▶ **Records to use**:
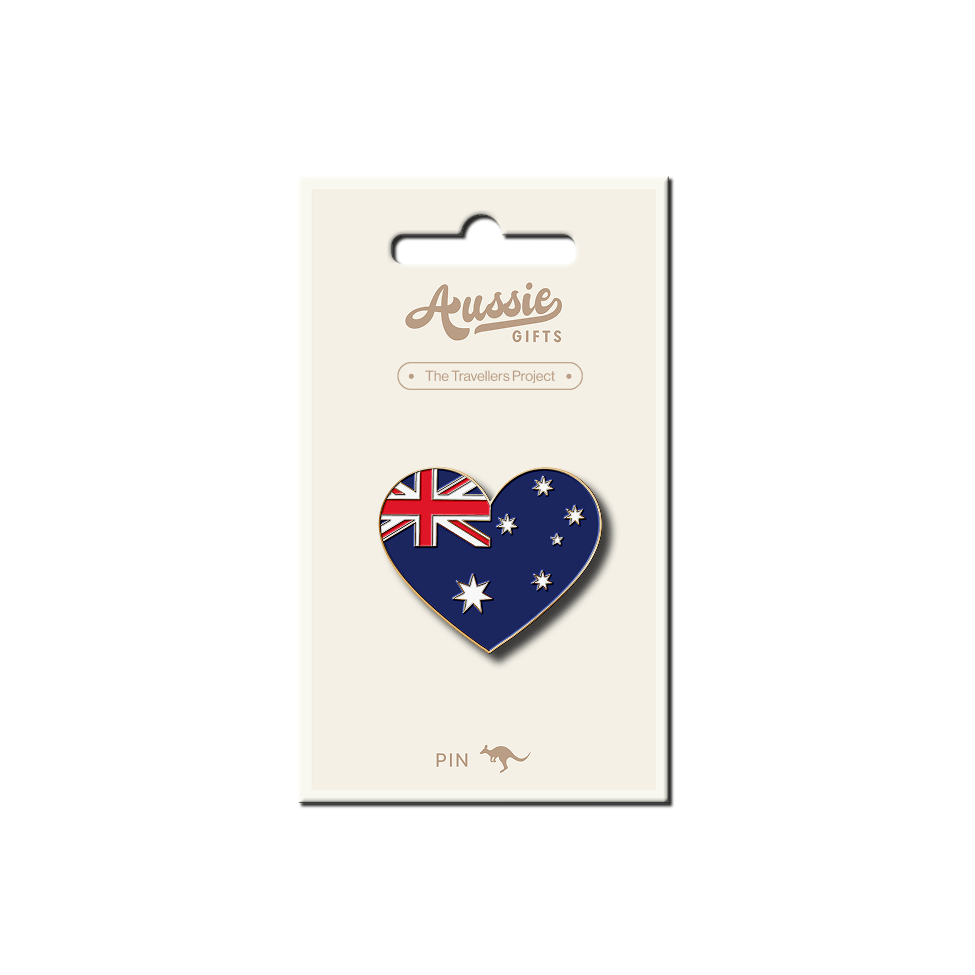 AG AUS Flag Heart Enml Pin Magnet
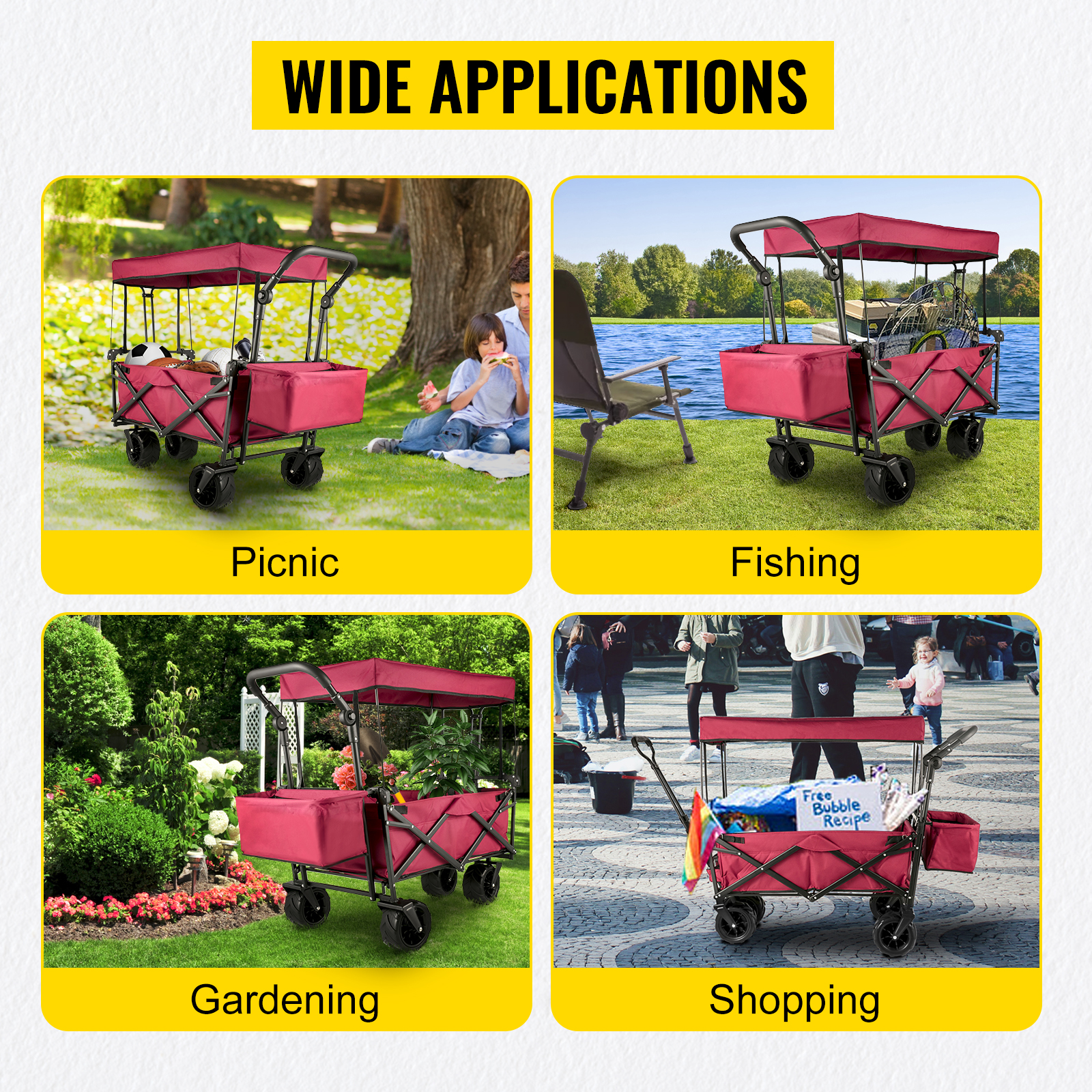  Carro plegable de playa utilitario para niños, carro plegable  con toldo extraíble : Patio, Césped y Jardín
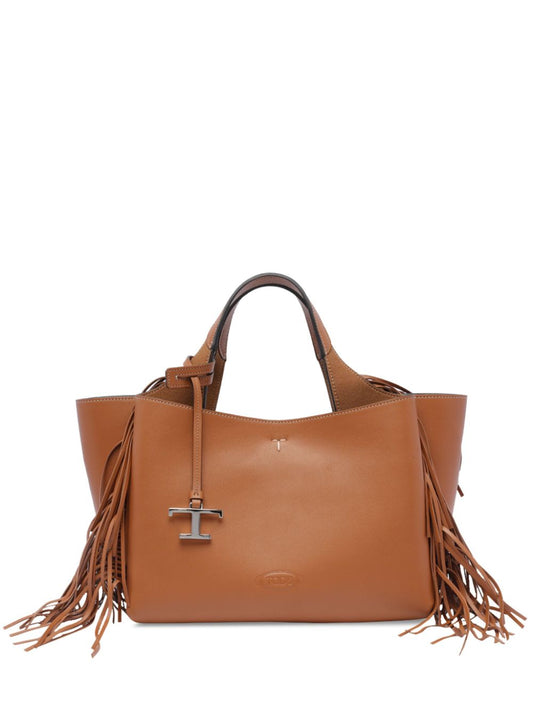 Tod's T Timeless Mini fringed leather tote bag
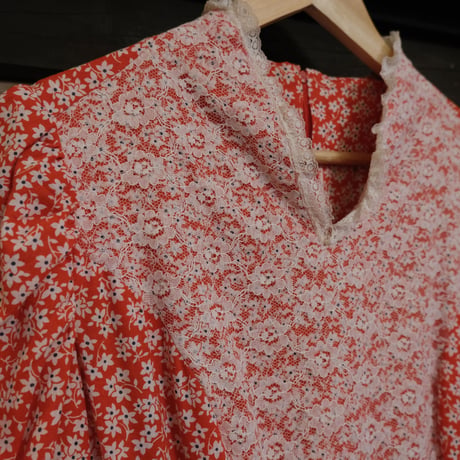 vintage flower dress / red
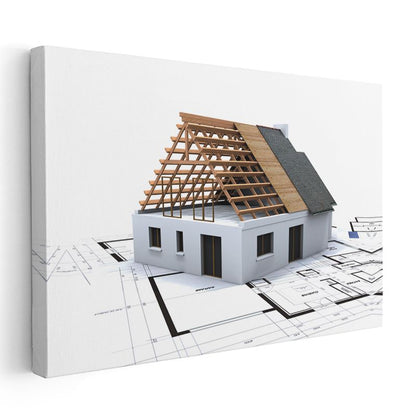 Müteahhit - Çatı Konstrüksiyon Aşaması Kanvas Tablo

▶ **What to do**:
Using the listing above, copy every line from the line containing "Tod's T Timeless" through the last one, both included, and no other lines. Pictures stay out.

▶ **Final answer**:
 Tod's T Timeless Mini fringed leather tote bag
 vintage flower dress / red
 Müteahhit - Çatı Konstrüksiyon Aşaması Kanvas Tablo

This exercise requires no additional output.